Scientists call the Earth-like Kepler-442b based on adequate sunlight.
REPUBLIKA.CO.ID, JAKARTA – The Milky Way galaxy could have 300 million planets, the newspaper said last year. However, a recent study released Monthly Announcements of the Royal Astronomical Society Lead to different results.
In the study, planets with Earth-like conditions were rarer than previously thought. This recent analysis focuses on the process of photosynthesis. So far 4,422 exoplanets have been discovered by astronomers. However, only a small area is considered habitable.
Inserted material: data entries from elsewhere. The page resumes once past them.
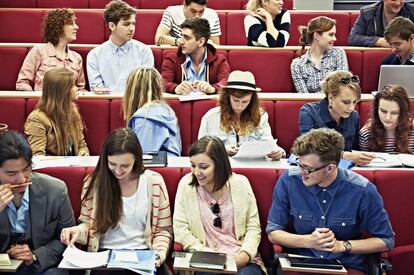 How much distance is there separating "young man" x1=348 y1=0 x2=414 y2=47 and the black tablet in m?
2.49

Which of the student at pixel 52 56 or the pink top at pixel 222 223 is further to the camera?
the student at pixel 52 56

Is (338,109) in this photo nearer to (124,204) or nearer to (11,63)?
(124,204)

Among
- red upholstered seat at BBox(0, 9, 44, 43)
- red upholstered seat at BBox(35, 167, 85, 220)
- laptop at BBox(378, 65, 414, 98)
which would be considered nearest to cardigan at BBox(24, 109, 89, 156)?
red upholstered seat at BBox(35, 167, 85, 220)

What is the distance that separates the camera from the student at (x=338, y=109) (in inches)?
117

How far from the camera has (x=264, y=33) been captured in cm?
407

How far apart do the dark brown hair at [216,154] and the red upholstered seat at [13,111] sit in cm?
125

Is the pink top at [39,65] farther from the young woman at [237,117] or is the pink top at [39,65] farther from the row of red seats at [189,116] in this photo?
the young woman at [237,117]

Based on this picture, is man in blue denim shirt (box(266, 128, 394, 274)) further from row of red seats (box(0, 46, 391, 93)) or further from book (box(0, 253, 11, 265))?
row of red seats (box(0, 46, 391, 93))

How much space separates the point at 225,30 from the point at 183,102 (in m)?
1.74

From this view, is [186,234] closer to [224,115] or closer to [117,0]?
[224,115]

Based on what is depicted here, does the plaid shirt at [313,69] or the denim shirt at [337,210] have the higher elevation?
the plaid shirt at [313,69]

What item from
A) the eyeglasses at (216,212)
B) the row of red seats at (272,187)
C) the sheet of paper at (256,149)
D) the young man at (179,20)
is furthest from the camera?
the young man at (179,20)

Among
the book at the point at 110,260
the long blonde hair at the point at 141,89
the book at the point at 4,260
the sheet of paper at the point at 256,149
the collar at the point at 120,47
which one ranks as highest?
the collar at the point at 120,47

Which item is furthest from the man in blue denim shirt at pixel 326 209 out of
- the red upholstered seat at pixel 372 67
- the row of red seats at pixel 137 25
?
the row of red seats at pixel 137 25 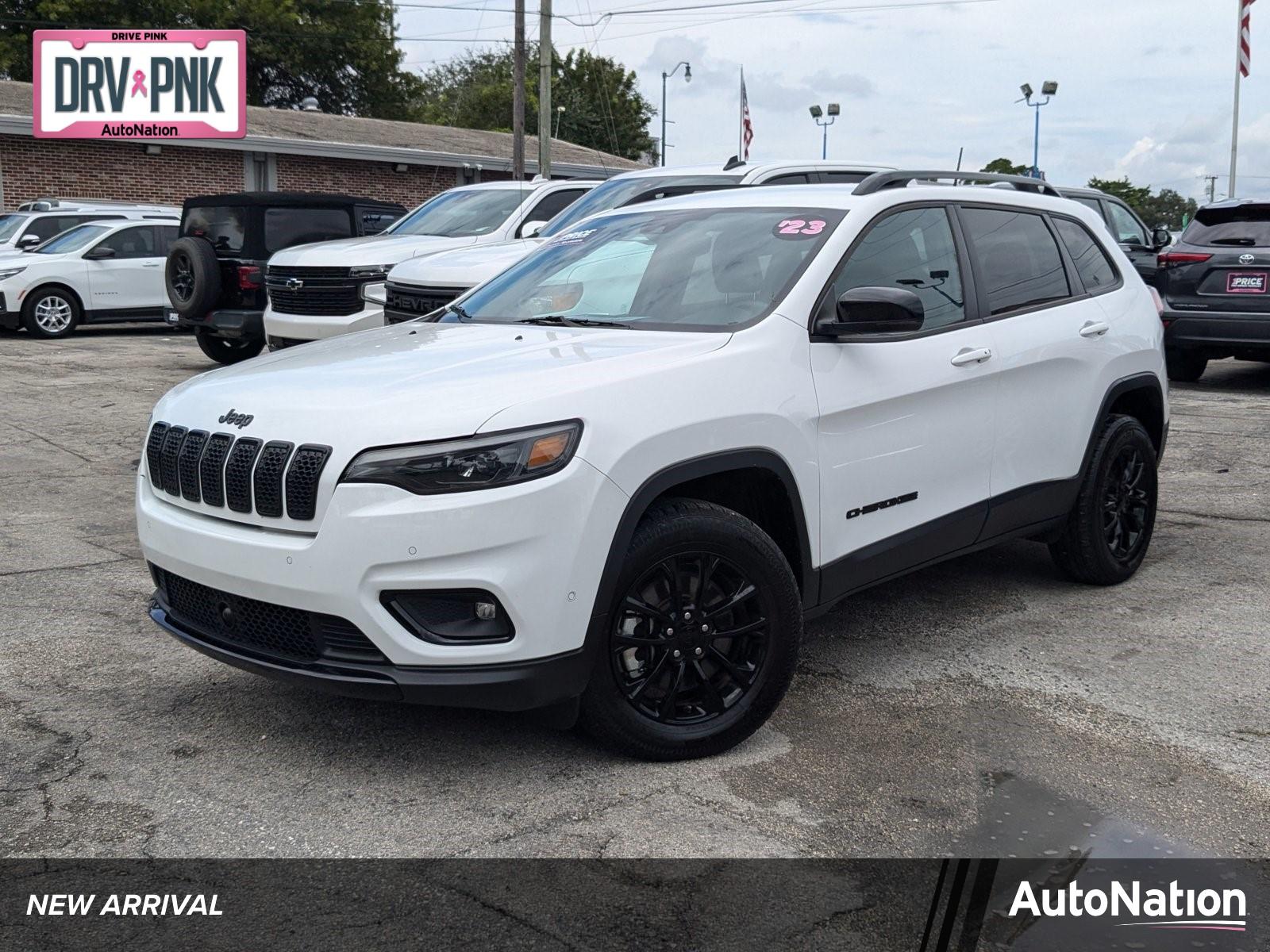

Photosynthesis is when plants use sunlight, water and carbon dioxide to produce oxygen and energy. This is considered important for exoplanets because it creates oxygen-dependent atmospheres.
The James Webb Space Telescope (JWSD), launched later this year, will allow exoplanets to study the atmosphere as they pass by their stars. Light coming through the atmosphere will reveal its gaseous content.
However, photosynthesis requires water. Only exoplanets with the right temperature, i.e. not too hot or too cold, can hold water on their surface. Therefore, the number of exoplanets such as the Earth in the Goldilocks Zone or habitable zone is not high.
In fact, in many rocks and habitable exoplanets, there are no theoretical conditions for sustaining an Earth-like biosphere for energy from photosynthesis.
Research into the amount of solar radiation received by each exoplanet has revealed that a planet that receives almost enough sunlight to support a large biosphere can be detected by the James Webb Space Telescope (JWST) Kepler-442b.
This planet is known as a rocky planet with twice the mass of Earth. Kepler-442b is a hot orange dwarf orbiting the constellation Lyra 1,120 light-years away. Its existence was announced in 2015 after the discovery of the Kepler space telescope while crossing its host star. However, the telescope stopped working in 2018.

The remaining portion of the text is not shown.